Nós não temos nenhuma ferramenta farmacológica que possa ser utilizada de forma inicial, como o senhor coloca, que impeça a progressão da doença.

(...)

É muito mais simples 'medicalizar' tudo. Então eu vou lá e dou um remédio, uma pílula qualquer, que está pronta, funcionando.
Eu acho que essa adoção infelizmente encontra na população um desconhecimento técnico e um desespero, um despreparo emocional para lidar com isso, que acaba
ecoando. (...) [Mas] Existem muitas estratégias que podem ser utilizadas para proteger essa pessoa que não tem outra opção que não sair de casa.

Polarização política

Infelizmente, por tudo o que vem acontecendo, essa polarização esdrúxula, essa politização incabível, as melhores cabeças que temos nessas áreas não estavam à disposição para trabalhar nessa secretaria.
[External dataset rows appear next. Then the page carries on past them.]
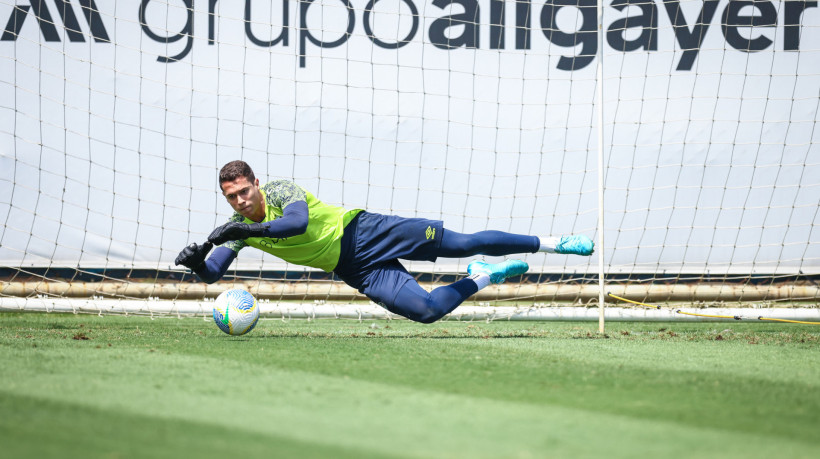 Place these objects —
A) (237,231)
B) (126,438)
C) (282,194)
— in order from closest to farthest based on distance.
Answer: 1. (126,438)
2. (237,231)
3. (282,194)

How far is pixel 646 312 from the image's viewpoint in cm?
589

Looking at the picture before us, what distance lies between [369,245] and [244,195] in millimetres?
822

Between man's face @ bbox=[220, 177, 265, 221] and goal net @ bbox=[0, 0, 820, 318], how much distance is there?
257 centimetres

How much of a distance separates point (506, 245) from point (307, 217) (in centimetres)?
127

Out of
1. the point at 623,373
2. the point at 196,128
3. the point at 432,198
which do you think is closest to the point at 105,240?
the point at 196,128

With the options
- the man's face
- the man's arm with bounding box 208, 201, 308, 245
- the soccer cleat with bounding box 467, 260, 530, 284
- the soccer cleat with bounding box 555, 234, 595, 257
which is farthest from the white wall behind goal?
the man's arm with bounding box 208, 201, 308, 245

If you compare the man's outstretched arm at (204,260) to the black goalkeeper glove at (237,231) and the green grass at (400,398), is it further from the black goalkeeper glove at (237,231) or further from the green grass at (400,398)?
the green grass at (400,398)

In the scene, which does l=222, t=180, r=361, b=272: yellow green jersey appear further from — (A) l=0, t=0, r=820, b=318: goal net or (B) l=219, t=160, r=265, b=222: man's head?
(A) l=0, t=0, r=820, b=318: goal net

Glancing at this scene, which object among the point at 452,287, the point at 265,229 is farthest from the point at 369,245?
the point at 265,229

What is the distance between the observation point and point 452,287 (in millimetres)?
4492

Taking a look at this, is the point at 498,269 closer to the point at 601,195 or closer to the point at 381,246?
the point at 381,246

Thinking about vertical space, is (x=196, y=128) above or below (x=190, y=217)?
above

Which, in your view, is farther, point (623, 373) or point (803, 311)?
point (803, 311)

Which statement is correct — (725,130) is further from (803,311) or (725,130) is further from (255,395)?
(255,395) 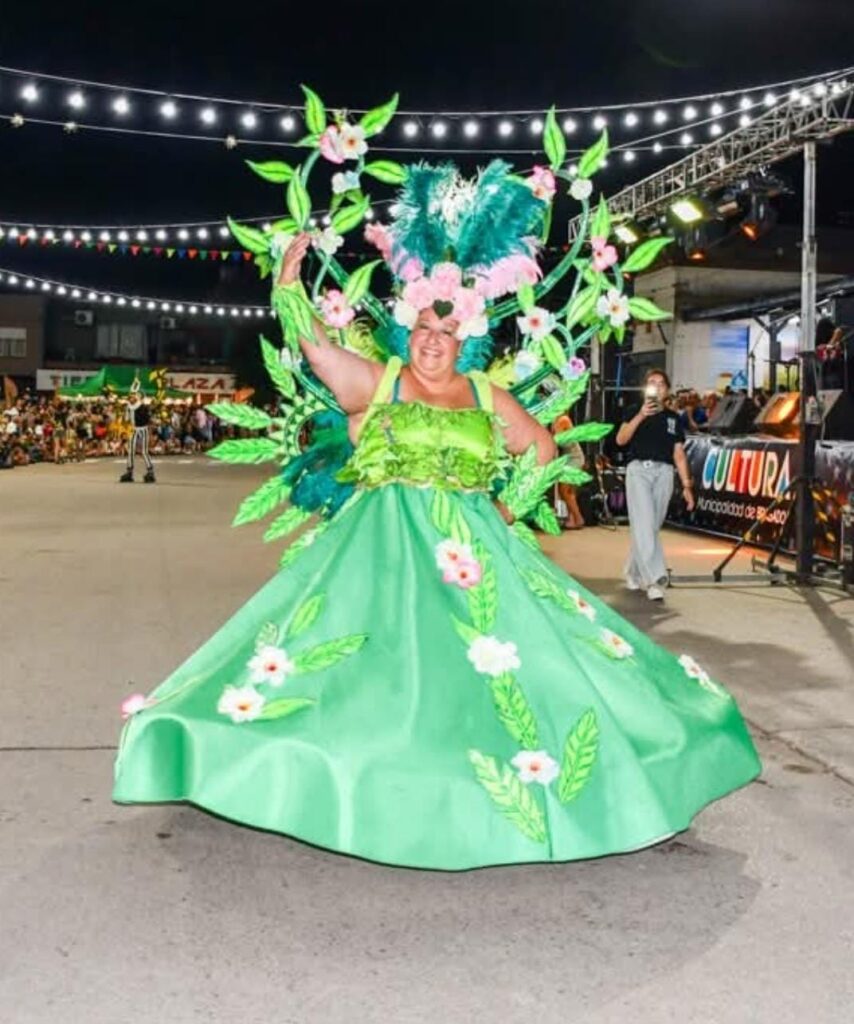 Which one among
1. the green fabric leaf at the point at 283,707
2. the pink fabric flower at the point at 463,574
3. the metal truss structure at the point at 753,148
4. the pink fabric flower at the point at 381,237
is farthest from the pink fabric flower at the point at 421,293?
the metal truss structure at the point at 753,148

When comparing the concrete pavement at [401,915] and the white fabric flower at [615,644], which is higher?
the white fabric flower at [615,644]

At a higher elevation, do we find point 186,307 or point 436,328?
point 186,307

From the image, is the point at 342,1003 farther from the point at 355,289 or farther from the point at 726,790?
the point at 355,289

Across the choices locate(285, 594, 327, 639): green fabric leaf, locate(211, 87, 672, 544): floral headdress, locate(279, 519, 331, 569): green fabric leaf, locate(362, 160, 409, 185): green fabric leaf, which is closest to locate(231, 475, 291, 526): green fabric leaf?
locate(211, 87, 672, 544): floral headdress

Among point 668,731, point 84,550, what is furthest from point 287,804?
point 84,550

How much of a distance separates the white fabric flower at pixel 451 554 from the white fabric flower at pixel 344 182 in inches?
57.7

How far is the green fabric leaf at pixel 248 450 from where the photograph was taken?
4402 mm

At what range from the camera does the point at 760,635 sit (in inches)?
319

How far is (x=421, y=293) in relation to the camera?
4.26m

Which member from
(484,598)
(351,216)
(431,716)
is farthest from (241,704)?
(351,216)

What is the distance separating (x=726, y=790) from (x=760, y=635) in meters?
4.54

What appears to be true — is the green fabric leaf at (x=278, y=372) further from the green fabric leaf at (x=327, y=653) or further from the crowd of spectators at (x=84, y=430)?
the crowd of spectators at (x=84, y=430)

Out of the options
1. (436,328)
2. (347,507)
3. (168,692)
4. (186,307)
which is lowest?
(168,692)

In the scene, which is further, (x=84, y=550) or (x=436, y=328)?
(x=84, y=550) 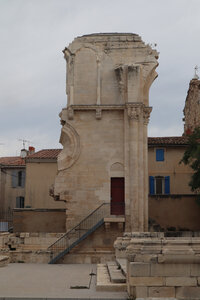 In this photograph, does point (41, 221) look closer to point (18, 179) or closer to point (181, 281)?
point (18, 179)

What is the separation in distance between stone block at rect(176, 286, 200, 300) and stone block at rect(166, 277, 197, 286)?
0.09 meters

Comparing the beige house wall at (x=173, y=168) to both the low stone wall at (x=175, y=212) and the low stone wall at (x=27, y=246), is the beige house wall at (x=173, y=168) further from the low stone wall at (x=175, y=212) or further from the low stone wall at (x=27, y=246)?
the low stone wall at (x=27, y=246)

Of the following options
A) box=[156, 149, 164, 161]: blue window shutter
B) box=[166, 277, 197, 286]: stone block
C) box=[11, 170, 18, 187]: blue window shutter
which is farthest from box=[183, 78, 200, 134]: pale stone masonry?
box=[166, 277, 197, 286]: stone block

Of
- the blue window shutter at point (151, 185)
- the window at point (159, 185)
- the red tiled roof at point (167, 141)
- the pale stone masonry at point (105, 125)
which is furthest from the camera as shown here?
the red tiled roof at point (167, 141)

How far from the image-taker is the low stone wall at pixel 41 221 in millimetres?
28562

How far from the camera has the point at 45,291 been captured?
35.1 ft

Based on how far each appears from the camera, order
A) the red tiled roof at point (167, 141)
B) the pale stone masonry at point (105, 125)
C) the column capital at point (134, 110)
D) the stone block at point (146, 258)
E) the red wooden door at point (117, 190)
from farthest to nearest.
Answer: the red tiled roof at point (167, 141) → the red wooden door at point (117, 190) → the column capital at point (134, 110) → the pale stone masonry at point (105, 125) → the stone block at point (146, 258)

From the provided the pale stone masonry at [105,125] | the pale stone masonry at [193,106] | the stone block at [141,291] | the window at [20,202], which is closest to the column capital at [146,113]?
the pale stone masonry at [105,125]

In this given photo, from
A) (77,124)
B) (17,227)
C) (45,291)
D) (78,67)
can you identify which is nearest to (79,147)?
(77,124)

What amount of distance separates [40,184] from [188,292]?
2961 cm

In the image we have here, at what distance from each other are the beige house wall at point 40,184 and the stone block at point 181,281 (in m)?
28.7

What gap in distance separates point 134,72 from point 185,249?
17.9 meters

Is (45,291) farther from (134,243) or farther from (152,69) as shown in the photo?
(152,69)

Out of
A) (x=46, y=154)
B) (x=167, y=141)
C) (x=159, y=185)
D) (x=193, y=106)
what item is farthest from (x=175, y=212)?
(x=46, y=154) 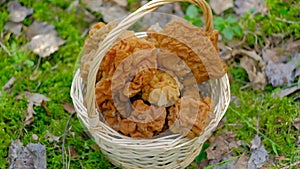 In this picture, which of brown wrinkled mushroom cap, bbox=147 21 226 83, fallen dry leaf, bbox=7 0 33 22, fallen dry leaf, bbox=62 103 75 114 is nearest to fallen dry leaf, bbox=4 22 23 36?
fallen dry leaf, bbox=7 0 33 22

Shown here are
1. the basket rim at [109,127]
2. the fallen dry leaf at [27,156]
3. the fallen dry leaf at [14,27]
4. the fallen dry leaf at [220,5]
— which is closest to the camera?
the basket rim at [109,127]

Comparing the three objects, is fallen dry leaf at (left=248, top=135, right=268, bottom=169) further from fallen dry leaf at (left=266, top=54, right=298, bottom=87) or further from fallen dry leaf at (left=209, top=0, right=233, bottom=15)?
fallen dry leaf at (left=209, top=0, right=233, bottom=15)

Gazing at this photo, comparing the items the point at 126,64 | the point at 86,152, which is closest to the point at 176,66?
the point at 126,64

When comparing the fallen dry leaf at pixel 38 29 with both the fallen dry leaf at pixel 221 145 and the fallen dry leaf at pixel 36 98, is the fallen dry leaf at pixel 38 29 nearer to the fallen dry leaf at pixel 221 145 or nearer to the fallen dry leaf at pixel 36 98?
the fallen dry leaf at pixel 36 98

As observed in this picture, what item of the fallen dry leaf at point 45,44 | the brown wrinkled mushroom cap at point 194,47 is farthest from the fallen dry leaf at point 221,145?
the fallen dry leaf at point 45,44

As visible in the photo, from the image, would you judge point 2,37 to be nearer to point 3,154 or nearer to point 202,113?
point 3,154

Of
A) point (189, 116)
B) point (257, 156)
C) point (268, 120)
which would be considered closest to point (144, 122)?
point (189, 116)
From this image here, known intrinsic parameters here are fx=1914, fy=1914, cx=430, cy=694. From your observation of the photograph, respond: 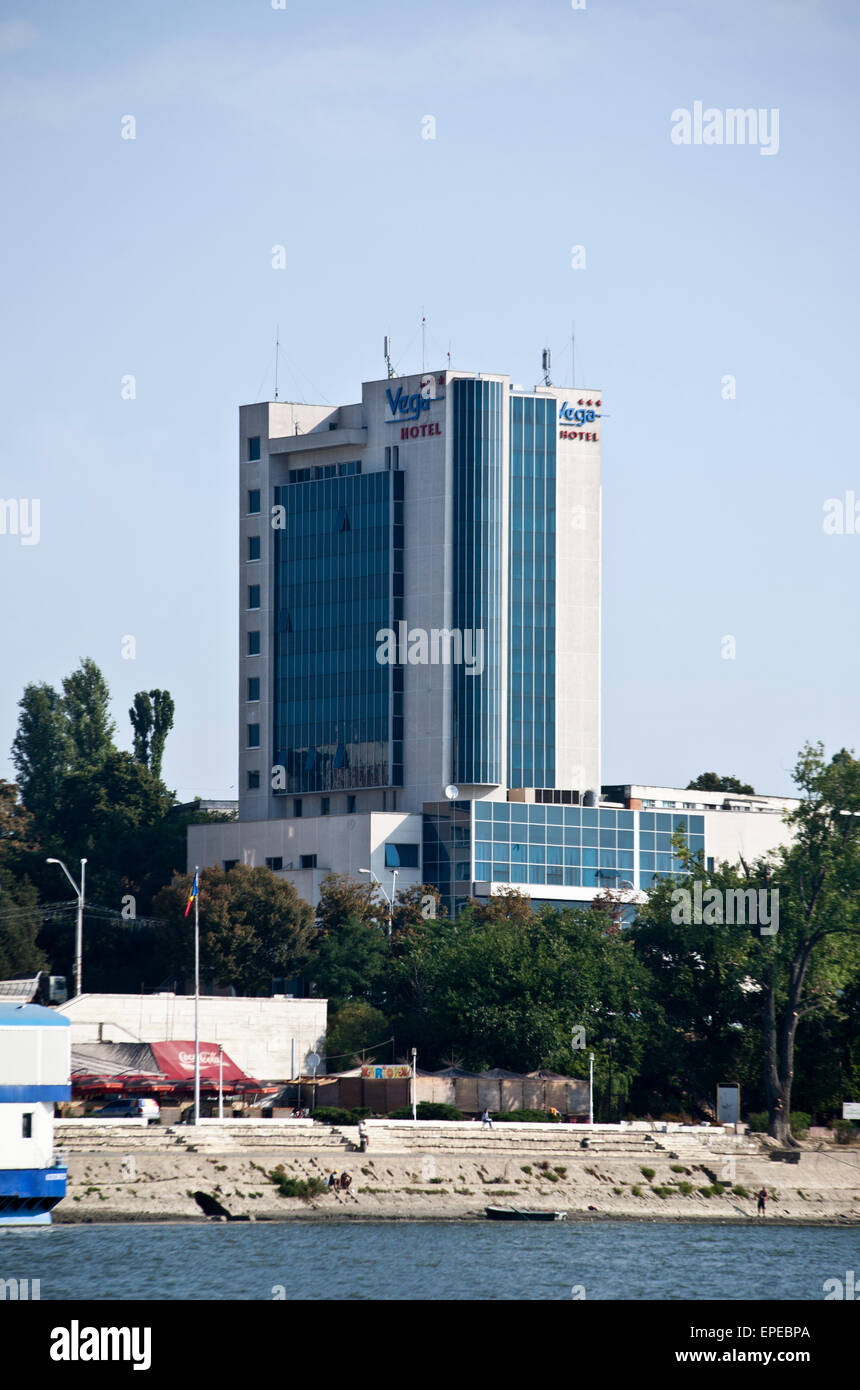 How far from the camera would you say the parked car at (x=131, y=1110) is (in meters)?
82.3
Veto por posição científica e técnica

Essa hipótese me deixa, nem frustrada, mas extremamente envergonhada. Me coloquei a disposição do atual governo para que a gente junto chegasse a uma solução. Se o veto ao meu nome foi por conta da minha posição científica técnica, necessária, a mim só me resta lamentar. Eu não sei se foi, mas se foi, eu considero isso trágico.
Resposta a Marcos Rogério (DEM-RO) sobre os protocolos iniciais indicados contra a covid-19

Corrupção

Corrupção mata. Simples. Corrupção rouba dinheiro da onde ele deveria ser investido. Isso é resposta de uma cidadã, não estou falando como técnica. Se esse dinheiro é desviado de áreas que são cronicamente subfinanciadas, isso é ainda mais complexo. Então, a resposta curta e direta é que corrupção mata".

A CPI da Covid foi criada no Senado após determinação do Supremo. A comissão, formada por 11 senadores (maioria era independente ou de oposição), investigou ações e omissões do governo Bolsonaro na pandemia do coronavírus e repasses federais a estados e municípios. Teve duração de seis meses. Seu relatório final foi enviado ao Ministério Público para eventuais criminalizações.